On to the cringy homophobic scene: 

 The family is staying at a sleazy motel.  James plays his guitar at the sleazy hot tub.  A girl drops by to flirt with him.  

Medina: I have a penis.

James (shocked, transphobic): What?  Um...

Medina: It's written  on your guitar.  

He explains that his brother wrote it there as a prank, and goes on to make his move, Just then, Dad shows up (but Medina thinks that it's just a random perv)

Dad/Perv: I'm just a stranger passing through town, but I couldn't help noticing how incredibly handsome this young man is. You got a girlfriend?  Or boyfriend, heterosexist idiot  -- but then, Dad probably knows that his son is straight.

James: (Painfully embarrassed.) No.


Dad/Perv
: No girlfriend?  Cute boy like that, somebody's gonna snatch you up.

Medina (to James): Do you want me to call the cops?  

James: No.  Dad/Perv hasn't done anything illegal yet.  But...why doesn't James tell the girl that it's his Dad, being embarrassing?

Dad/Perv: And he plays guitar. Dream boy!  Make a muscle!

Skyler: I'd rather not.

Dad/Perv: Take your shirt off, make a muscle.  Don't be shy -- show us what we're working with.  

As Dad/Perv approaches the hot tub, Medina asks James if he'll be ok, and scrams.  

Dad: Dang it!

James: Dad, why would you do that?

Dad: I saw you talking to her, and figured you could use a wing man. Oy!

In most U.S. states, it is a crime to propose sexual activity to someone under the age of consent or expose them to erotic material.  Commenting on their erotic desirability is technically legal, unless you are their parent, teacher, or in a position of authority.  Skyler Gisondo here is 18 or 19, but his character is 14.  Dad is pushing the boundaries of legality, and has gone far beyond what is appropriate. 

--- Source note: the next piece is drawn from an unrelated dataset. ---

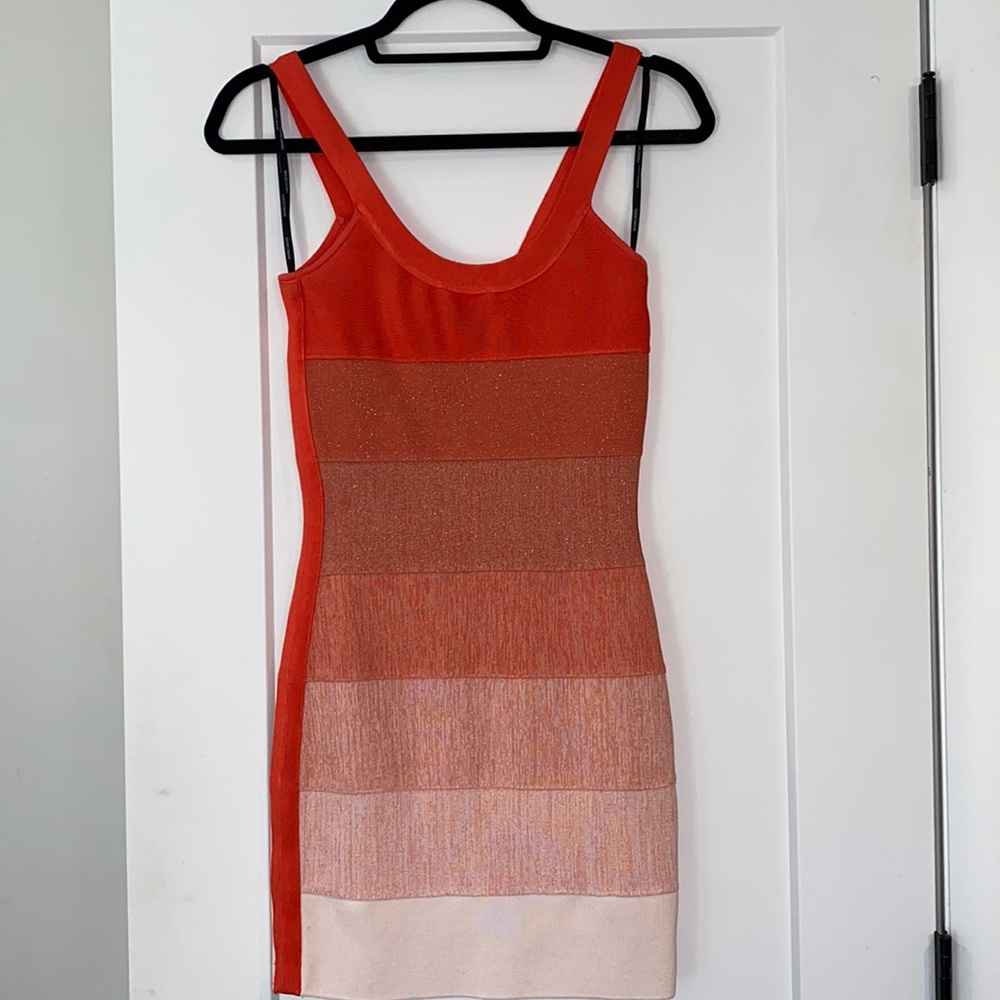 MARCIANO Orange ombré Bandage Dress - Size Small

Left: 17-year old bodybuilder. Attractive, but not hot until next year.
 
This exchange keys into the myth that gay men are all hanging around schoolyards, trying to pick up teenagers (ephebophilia)  -- or 12 year olds (pedophilia)  

Another review says: "All homophobic, xenophobic, scatological grossout, with some rape and pedophilia “jokes” for flavor."  You mean it gets worse?

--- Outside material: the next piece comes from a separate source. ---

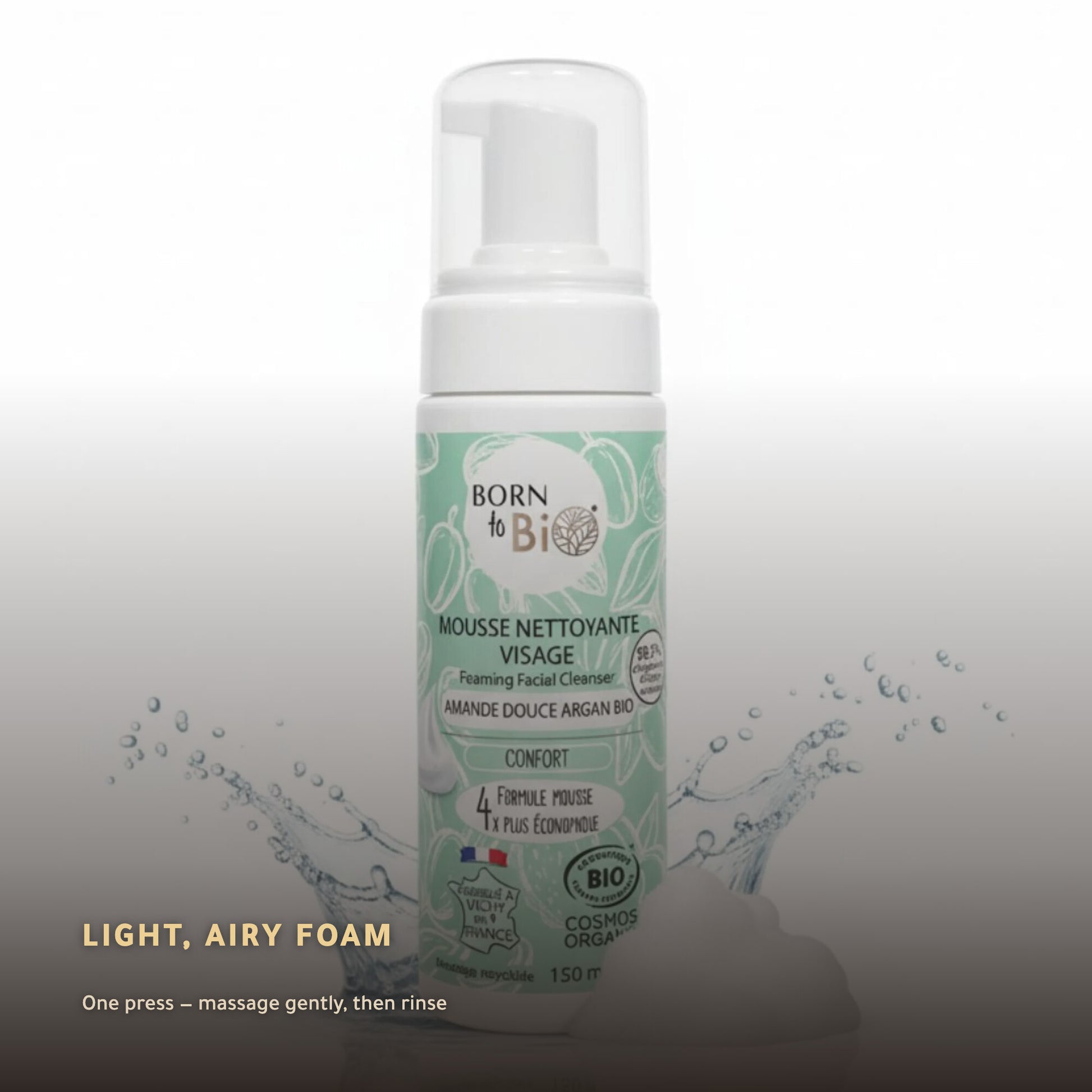 Organic Almond & Argan Face Cleansing Foam | Born to Bio Vichy – slide 4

Grown-up penises after the break:

"Double Vision": Based on the Foreigner song, with nude pics of Gideon and Keefe

Gideon has had a crush on Keefe for two years.  During the Kelvin/Keefe breakup, he sees his chance to move out of the friend zone. He hopes.

Feelin' down and dirty

Feelin kinda mean

I've been from one to the other extreme





Fill my eyes with that double vision.

No disguise for that double vision.













When  it gets through to me, it's always new to me

My double vision gets the best of me


Today I had a good time,
But I ain't got time to wait
I want to stick around till I can't see straight




More after the break

Indiana University: My first visit to an adult bookstore


I "figured it out" during my senior year in high school, but my real "coming out" was at the beginning of my first year in grad school at Indiana University.

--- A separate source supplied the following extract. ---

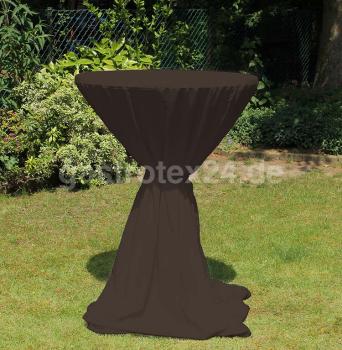 "Milano" - Stehtischhusse 85 cm rund - mit Bindeschal - 100% Polyester - 175 gr/qm - dunkelbraun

As an undergraduate at Augustana College, I had worked hard, very hard, to find gay people, and I found a few -- my ex boyfriend Fred; an Episcopal priest in Des Moines; Prfessor Burton, who held handcuff parties for campus hunks.  You had to go through word of mouth, through a friend of a friend of a friend.

Now I was at a vast university with 40,000 students, and as far as I could tell from conversations and signals and interests, every single one of them was heterosexual.

My friends, classmates, and coworkers all, without exception, maintained the "what girl do you like?" whine of my childhood.  I had to leave Playboy magazines in my room, and think of logical reasons why I didn't have a girl on my arm every second.

My classes were as empty of gay references as they had been at Augustana.  Every writer who had ever lived was heterosexual.  Every poem ever written was written from man to women.  The Eternal Feminine infused all our lives.

And, as far as I knew, this was the way life was everywhere and for everyone.  A vast emptiness, hiding, pretending, unyielding silence.

That Saturday night I had been watching Silver Spoons and Mama's Family in the 13th floor tv lounge of Eigenmann Hall.  At 9:00, my roommate Jon said "Let's go to the grad student mixer.  I'm hot to get laid tonight."

I had no interest in getting laid.  At least, not as Jon understood it.  But I walked with him across the vast, silent campus, past empty buildings, past towers of Indiana limestone erected by heterosexuals long ago, to the Memorial Union, where a party for heterosexual grad students was in session.

Then I said goodbye and went to the campus library.  There were uncountable millions of books in the vast stacks, rooms as long as a football field, but only two listed under "homosexuality" in the card catalog: the memoirs of Tennessee Williams, and Nothing Like the Sun, by Anthony Burgess, about Shakespeare's romance with the Dark Lady of the sonnets.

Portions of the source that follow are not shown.